■ Exercise ■
The reply should hold every line of the data below, unchanged, and none of the pictures.

··· Available data

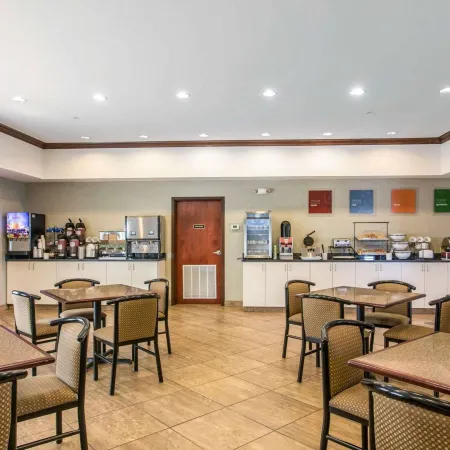 Comfort Inn and Suites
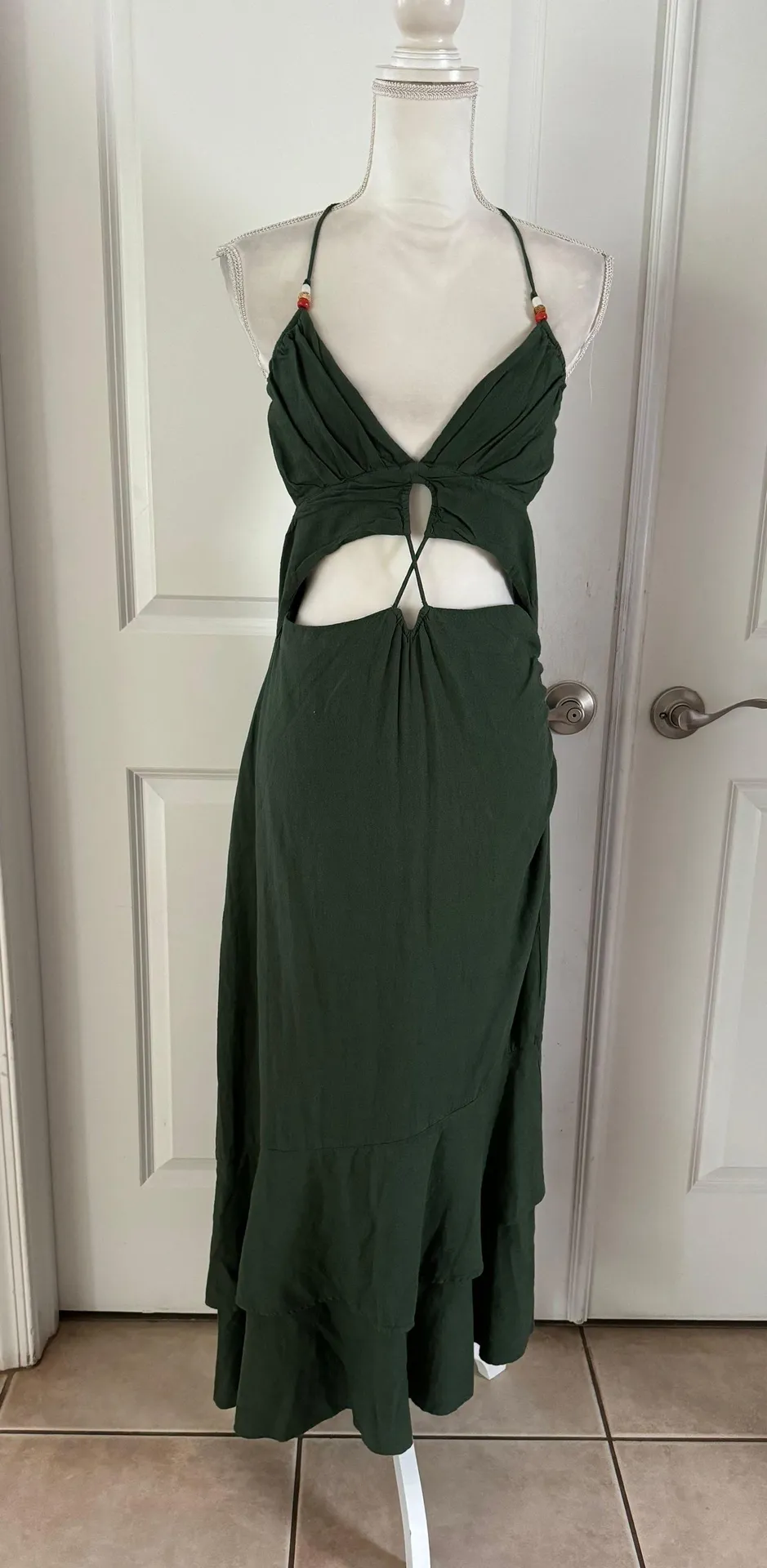 RUFFLED CUT OUT LINEN BLEND DRESS KHAKI - Image 5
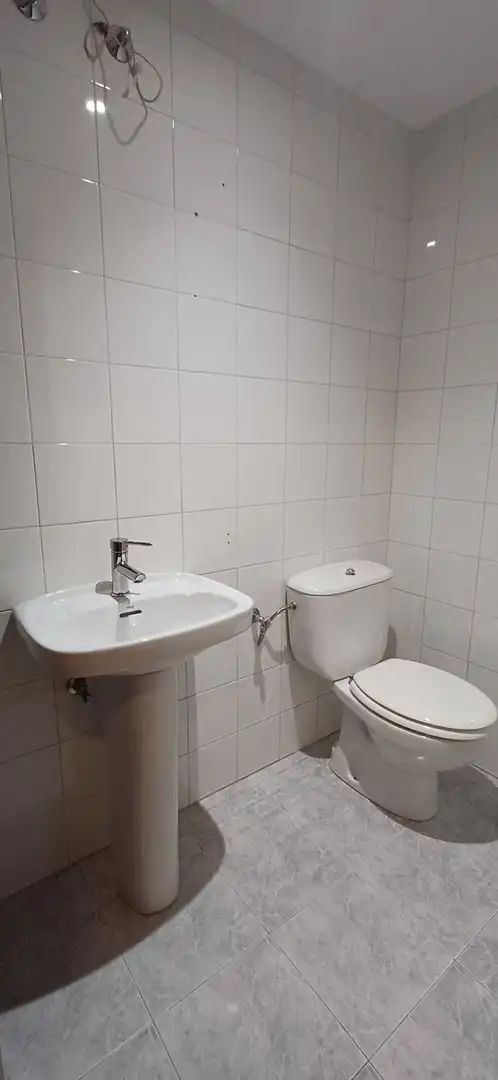 Badezimmer von Wohnung zur Miete in Gijón  mit Heizung, Abstellraum und Schwimmbad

······

■ Answer for this exercise ■
 Comfort Inn and Suites
 RUFFLED CUT OUT LINEN BLEND DRESS KHAKI - Image 5
 Badezimmer von Wohnung zur Miete in Gijón  mit Heizung, Abstellraum und Schwimmbad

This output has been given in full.